**Try it**
Copy nothing but the lines below running from the line containing "Denver Broncos Quinn" through the line containing "Honey Walnut Shrimp Recipe by Tasty Honey", both end lines included.

**Task input**
[Start of section]
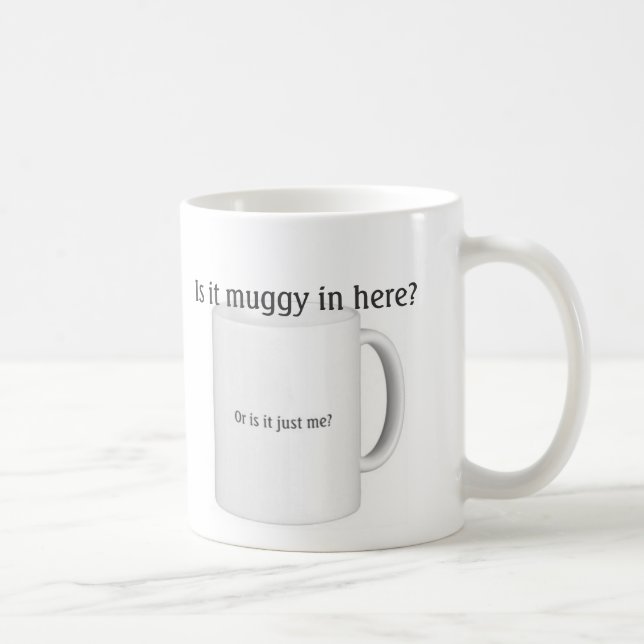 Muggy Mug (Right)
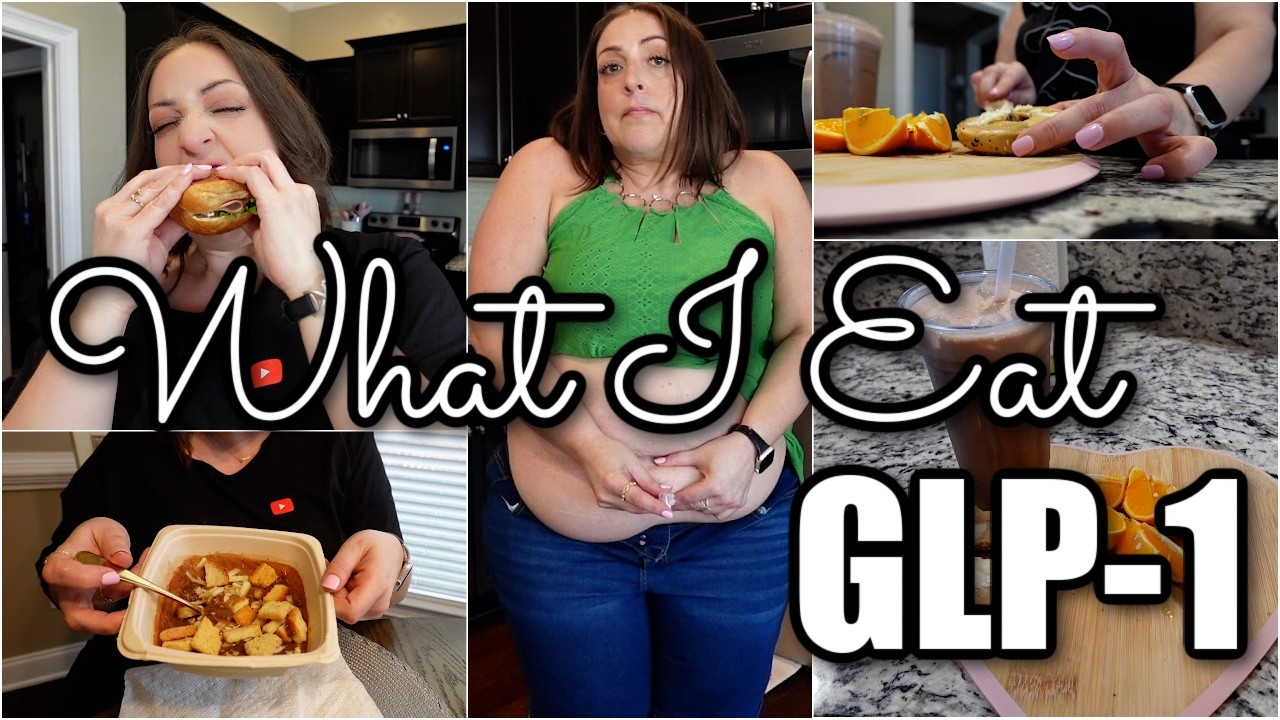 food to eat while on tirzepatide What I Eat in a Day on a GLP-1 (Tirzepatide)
[End of section]
[Start of section]
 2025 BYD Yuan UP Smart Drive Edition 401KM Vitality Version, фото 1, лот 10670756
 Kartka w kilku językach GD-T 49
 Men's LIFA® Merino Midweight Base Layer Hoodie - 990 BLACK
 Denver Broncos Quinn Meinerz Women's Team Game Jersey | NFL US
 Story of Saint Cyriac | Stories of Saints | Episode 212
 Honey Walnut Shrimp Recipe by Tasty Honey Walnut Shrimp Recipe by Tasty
[End of section]
**Exercise response**
 Denver Broncos Quinn Meinerz Women's Team Game Jersey | NFL US
 Story of Saint Cyriac | Stories of Saints | Episode 212
 Honey Walnut Shrimp Recipe by Tasty Honey Walnut Shrimp Recipe by Tasty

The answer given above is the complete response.